Exposing only the "Add new card" and "Charge Amount XX" methods actually makes sense, Thanks for the info!


You're very clever, young man, very clever, but it's payment gateways all the way down.


Payment gateways have it somewhat easy - the system making the "make a payment" request doesn't ever need the actual sensitive data returned. That data can be stored on a heavily secured server that only can call out to the banks.


With an expensive insurance plan.


It's not really a risk you can really protect against in any meaningful way with insurance. It's the banks that ultimately eat the loss, and they just write this off as a cost of doing business. Banks really do lose a lot of money to fraud, card losses, and other miscellaneous security issues and bad actors -- a lot more than people think.

Storing CC data can be done sufficiently securely, of course, although PCI DSS guidelines are insufficient and silly in places, and you really have to go above and beyond to make it secure enough because data breaches can threaten the status of your merchant account. If you become too costly or too risky to do business with, the bank will simply cut you off by terminating your merchant account. You may also end up on the TMF which will make it very hard to get another merchant facility in the future.


There's a book series "Translucent Databases" with a lot of interesting use cases, where the assumption is that an adversary has gained access to the entire database.

I've only read the first edition, and it's some years ago, but I'd recommend giving it a quick read. :)


As many commenters have pointed out, there are theoretical problems with what you're asking for (if you can decrypt the data, then your attacker can too). But, there are some practical things you can do to make the attacker's life harder:

- Don't write your own cryptographic code or design your own crypto systems; use existing libraries as much as possible.

- Separate your reads from your writes. Using a public/private key pair, you can give one set of systems the ability to write encrypted data but not read it, and a different set of systems the ability to read the data. The systems that can decrypt / read data should be isolated as much as possible - don't expose them to public networks, limit which operators have access to them, etc.

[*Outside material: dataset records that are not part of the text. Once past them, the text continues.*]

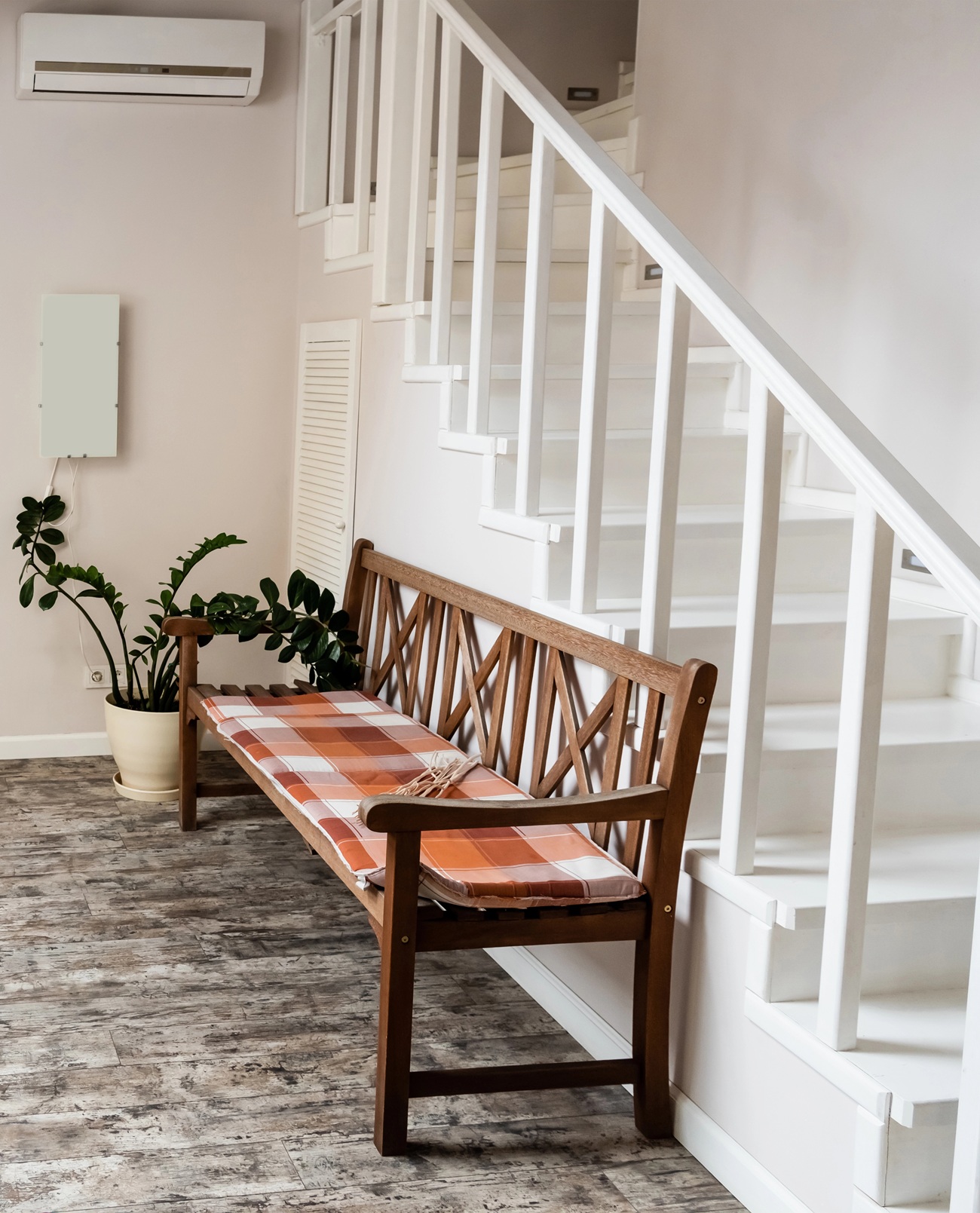 White interior staircase with timber bench seat in Petrie home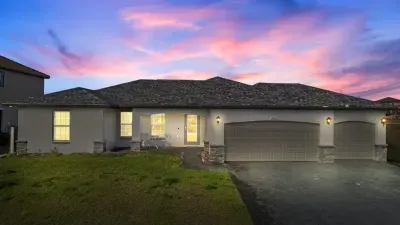 View of our home from the Street. We can park up to 6 vehicles in our 3-car garage and driveway from the Street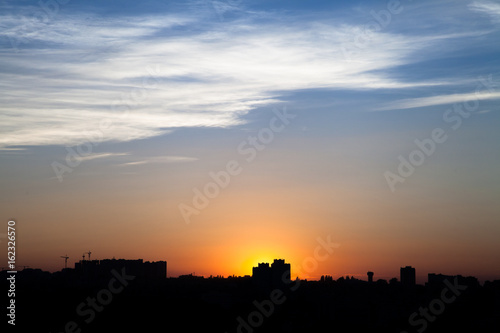 Sunset in the city beyond the horizon from the height © ripman05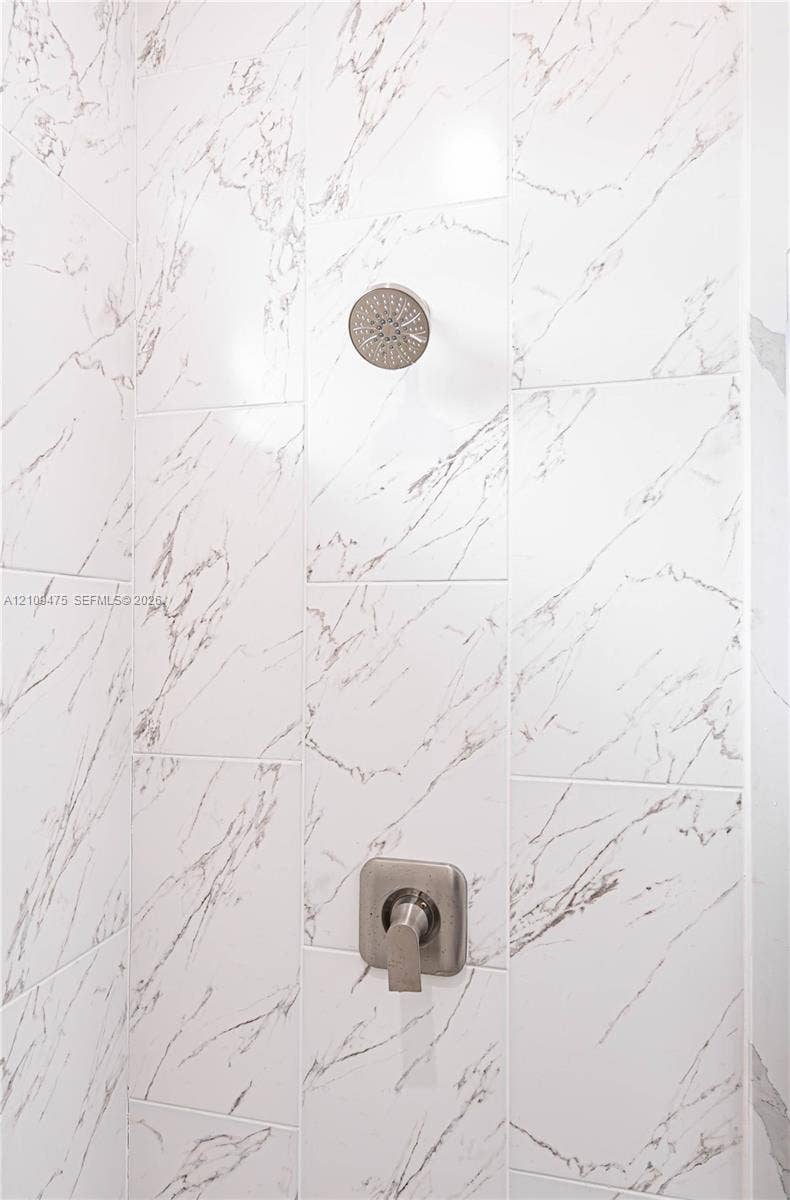 Shower enclosure featuring large-format veined tile walls, a brushed nickel rainfall showerhead, and a matching single-handle pressure-balance valve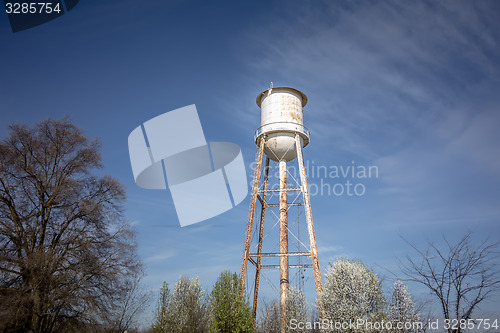 Image of Tall  water tower with cloudy blue sky background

The separation also forces you to encapsulate your secure data and define an API over it; rather than arbitrary reads, hosts that don't have the decryption keys will have to ask the hosts that do to perform specific operations. If you're writing a Rails app, the Strongbox gem [1] enforces this pattern for you.

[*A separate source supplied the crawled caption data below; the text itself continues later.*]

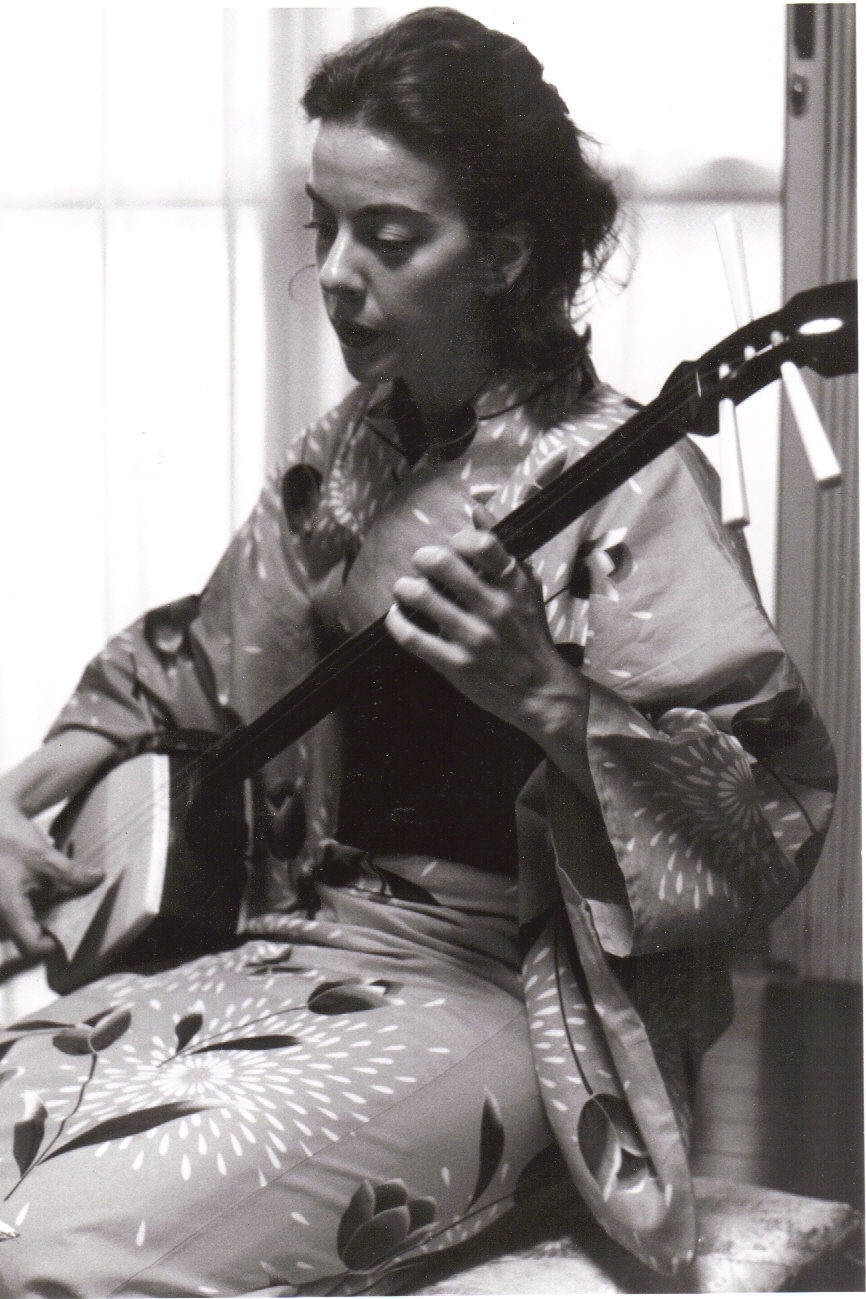 Janet Pocorobba plays the shamisen in a traditional Japanese dress. The shamisen is a three-stringed instrument with a long neck like a guitar.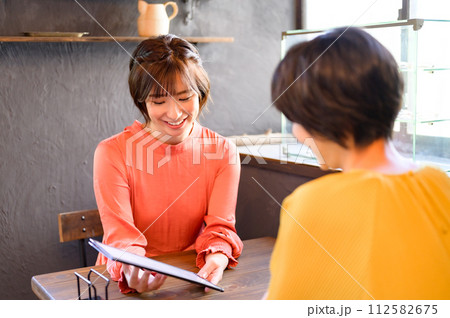 カフェでメニューを選ぶ二人の女性　 112582675
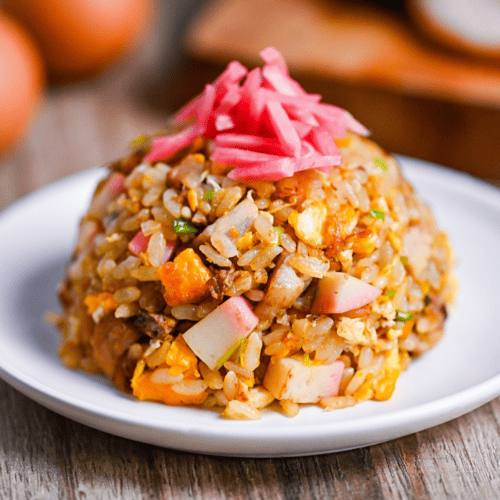 Ramen restaurant-style chahan (fried rice) shaped into a dome and served on a white plate topped with benishoga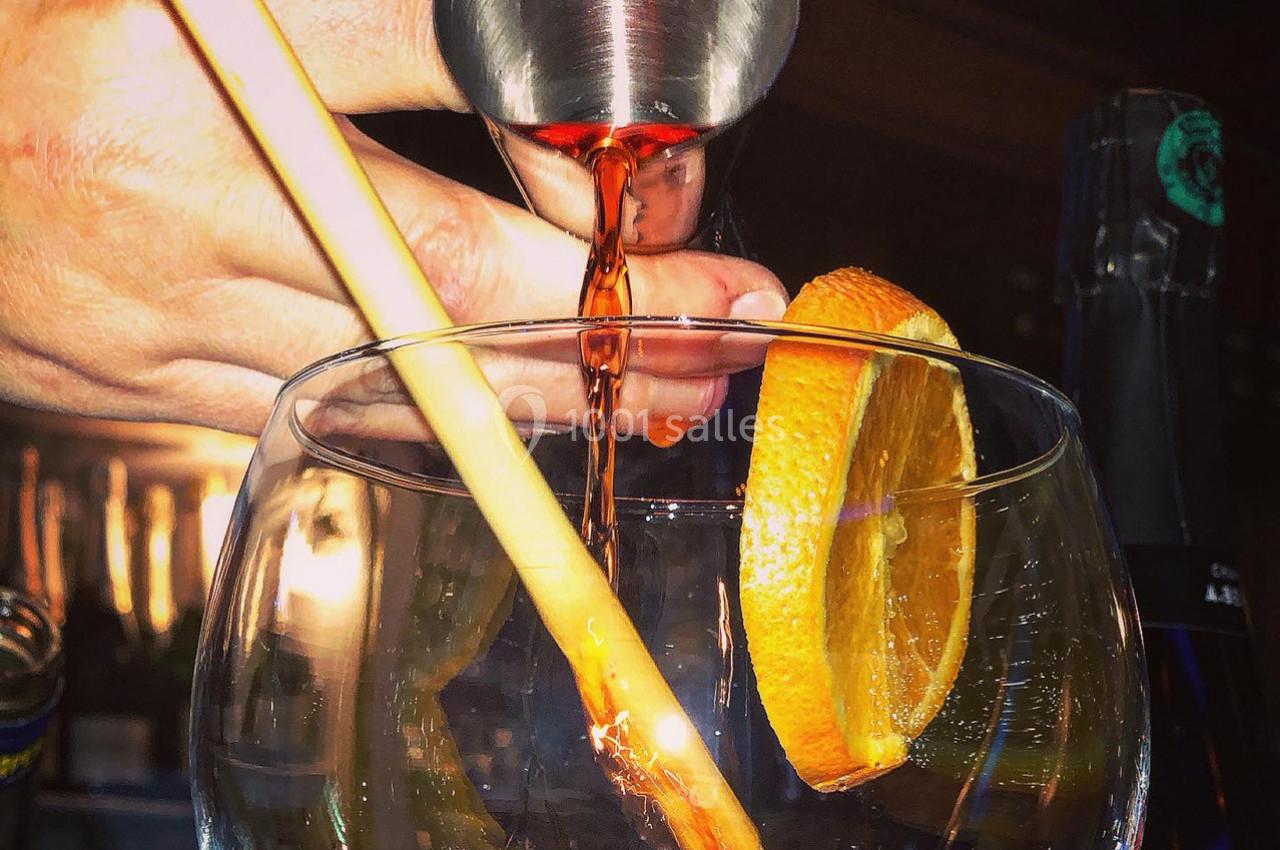 Main versant un liquide ambré dans un verre contenant une tranche d'orange et une décoration en bois.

- Rotate your encryption keys.

- Don't store keys in code. Follow the Heroku pattern [2] of storing any sensitive data (i.e. private keys) in the environment, where it is bound at runtime to your code and encrypted data.

- Store as little sensitive data as possible. Make sure data you don't need any more is periodically purged.

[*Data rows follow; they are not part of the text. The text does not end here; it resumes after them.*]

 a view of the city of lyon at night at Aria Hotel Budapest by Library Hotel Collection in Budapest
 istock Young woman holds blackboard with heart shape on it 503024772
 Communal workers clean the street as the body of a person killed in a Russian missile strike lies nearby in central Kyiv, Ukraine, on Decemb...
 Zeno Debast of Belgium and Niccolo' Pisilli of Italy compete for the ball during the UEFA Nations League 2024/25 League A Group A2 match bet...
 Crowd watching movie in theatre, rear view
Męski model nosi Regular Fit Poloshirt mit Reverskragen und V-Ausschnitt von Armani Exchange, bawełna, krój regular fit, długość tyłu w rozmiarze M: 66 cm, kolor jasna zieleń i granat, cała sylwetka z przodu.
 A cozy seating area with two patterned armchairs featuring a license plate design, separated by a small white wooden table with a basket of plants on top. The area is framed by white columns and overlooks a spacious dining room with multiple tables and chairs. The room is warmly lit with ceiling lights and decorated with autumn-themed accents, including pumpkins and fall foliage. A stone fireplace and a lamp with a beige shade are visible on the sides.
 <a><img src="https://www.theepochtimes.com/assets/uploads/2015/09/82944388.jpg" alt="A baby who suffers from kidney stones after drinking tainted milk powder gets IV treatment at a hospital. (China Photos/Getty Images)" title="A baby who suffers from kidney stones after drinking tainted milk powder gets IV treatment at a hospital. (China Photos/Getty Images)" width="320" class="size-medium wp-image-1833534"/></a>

- Human processes are just as important as code; keep track of who has access to sensitive data, make that access opt-in, and remove it when those people change jobs or are terminated. Do everything in your power to keep those operators from being phished (user education, two-factor auth, etc).

- Don't store credit cards if at all possible. Find a payment processor [3] to do it for you. It's not worth the headache, it makes you a more attractive target, and it may come with additional legal overhead (depending on your jurisdiction).

[1] https://github.com/spikex/strongbox

[2] http://12factor.net/config

[3] https://stripe.com/


I'd say the first thing to understand here is that absolute safety is impossible in this case. If the hosting server is compromised, password loggers can be installed and even the login page itself can be altered to remove any form of security. With access to emails, an attacker could send an official email asking everyone to reset their passwords, etc.

So your question is actually: How can I make my system divulge the least amount of data as possible over time to someone who has compromised the service?

To hamper someone from changing your service to remove security you could set up daily checks from a server hosted in a different location to download your static resources and check them against a pre-validated hash.

For storing data - as others have mentioned - the key is to store that data in a way that it cannot be accessed from that one server alone. A simple solution for this is to setup an internal service that will provide the data when given the correct login details. This gives the attacker an additional server he would need to hack. If you keep this layer as simple as possible it can add a lot of security. Of coarse, if the hacker is able to compromise your server for a long period, he can record anything passing through here anyway.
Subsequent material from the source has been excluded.